Work item:
Once you reach the line that contains "Best place in #gozo - YouTube", retype it and every line after it exactly, ending with the last line of the entries.

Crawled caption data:
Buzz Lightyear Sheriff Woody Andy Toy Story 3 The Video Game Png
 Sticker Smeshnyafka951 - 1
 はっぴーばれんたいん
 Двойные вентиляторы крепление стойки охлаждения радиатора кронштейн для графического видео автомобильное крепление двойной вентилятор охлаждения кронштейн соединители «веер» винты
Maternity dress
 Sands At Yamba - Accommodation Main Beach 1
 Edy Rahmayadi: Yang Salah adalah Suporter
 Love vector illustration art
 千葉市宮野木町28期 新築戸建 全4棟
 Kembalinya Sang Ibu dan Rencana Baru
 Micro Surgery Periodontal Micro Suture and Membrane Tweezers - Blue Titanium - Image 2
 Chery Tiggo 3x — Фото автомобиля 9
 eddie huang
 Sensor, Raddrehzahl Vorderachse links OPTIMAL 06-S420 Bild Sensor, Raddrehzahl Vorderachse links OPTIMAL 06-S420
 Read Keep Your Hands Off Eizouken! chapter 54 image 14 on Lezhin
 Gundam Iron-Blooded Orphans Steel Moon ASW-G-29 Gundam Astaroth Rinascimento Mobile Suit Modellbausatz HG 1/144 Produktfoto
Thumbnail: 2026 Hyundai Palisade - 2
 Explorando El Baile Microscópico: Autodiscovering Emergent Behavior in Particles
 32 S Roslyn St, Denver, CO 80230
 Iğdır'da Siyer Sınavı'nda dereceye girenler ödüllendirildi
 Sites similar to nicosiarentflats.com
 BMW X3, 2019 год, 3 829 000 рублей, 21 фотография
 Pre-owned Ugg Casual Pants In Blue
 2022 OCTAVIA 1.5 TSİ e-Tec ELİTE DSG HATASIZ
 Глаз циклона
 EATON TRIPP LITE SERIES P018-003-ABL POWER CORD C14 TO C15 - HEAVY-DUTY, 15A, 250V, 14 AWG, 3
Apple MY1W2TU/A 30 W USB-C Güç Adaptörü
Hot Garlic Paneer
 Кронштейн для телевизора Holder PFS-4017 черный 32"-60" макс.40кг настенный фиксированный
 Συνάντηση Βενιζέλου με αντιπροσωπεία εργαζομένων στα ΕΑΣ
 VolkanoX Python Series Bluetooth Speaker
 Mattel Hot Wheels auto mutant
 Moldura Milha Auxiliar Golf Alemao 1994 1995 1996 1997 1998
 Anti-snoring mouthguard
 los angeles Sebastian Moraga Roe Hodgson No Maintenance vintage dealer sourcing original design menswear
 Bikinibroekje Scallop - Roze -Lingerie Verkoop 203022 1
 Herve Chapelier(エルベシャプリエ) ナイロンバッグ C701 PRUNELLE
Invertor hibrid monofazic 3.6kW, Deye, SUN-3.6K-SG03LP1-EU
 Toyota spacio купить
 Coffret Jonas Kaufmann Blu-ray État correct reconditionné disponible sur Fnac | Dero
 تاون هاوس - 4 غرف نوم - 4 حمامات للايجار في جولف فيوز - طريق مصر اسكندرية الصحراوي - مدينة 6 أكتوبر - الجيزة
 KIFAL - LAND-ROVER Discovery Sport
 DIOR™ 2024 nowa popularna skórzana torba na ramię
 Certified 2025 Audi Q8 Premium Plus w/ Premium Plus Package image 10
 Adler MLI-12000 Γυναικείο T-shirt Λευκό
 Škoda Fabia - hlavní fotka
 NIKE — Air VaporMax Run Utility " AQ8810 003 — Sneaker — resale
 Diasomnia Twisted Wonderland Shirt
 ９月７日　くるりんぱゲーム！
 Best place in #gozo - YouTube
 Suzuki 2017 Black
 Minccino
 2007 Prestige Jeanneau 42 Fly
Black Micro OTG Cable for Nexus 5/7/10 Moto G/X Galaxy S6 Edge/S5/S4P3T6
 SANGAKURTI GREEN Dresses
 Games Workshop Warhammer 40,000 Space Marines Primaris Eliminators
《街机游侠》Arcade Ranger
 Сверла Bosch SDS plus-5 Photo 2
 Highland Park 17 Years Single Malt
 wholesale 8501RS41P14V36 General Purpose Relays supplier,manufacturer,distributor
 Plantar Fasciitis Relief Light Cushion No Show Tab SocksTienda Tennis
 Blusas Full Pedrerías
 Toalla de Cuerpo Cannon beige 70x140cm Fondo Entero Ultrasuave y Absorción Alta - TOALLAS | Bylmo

Result below:
 Best place in #gozo - YouTube
 Suzuki 2017 Black
 Minccino
 2007 Prestige Jeanneau 42 Fly
Black Micro OTG Cable for Nexus 5/7/10 Moto G/X Galaxy S6 Edge/S5/S4P3T6
 SANGAKURTI GREEN Dresses
 Games Workshop Warhammer 40,000 Space Marines Primaris Eliminators
《街机游侠》Arcade Ranger
 Сверла Bosch SDS plus-5 Photo 2
 Highland Park 17 Years Single Malt
 wholesale 8501RS41P14V36 General Purpose Relays supplier,manufacturer,distributor
 Plantar Fasciitis Relief Light Cushion No Show Tab SocksTienda Tennis
 Blusas Full Pedrerías
 Toalla de Cuerpo Cannon beige 70x140cm Fondo Entero Ultrasuave y Absorción Alta - TOALLAS | Bylmo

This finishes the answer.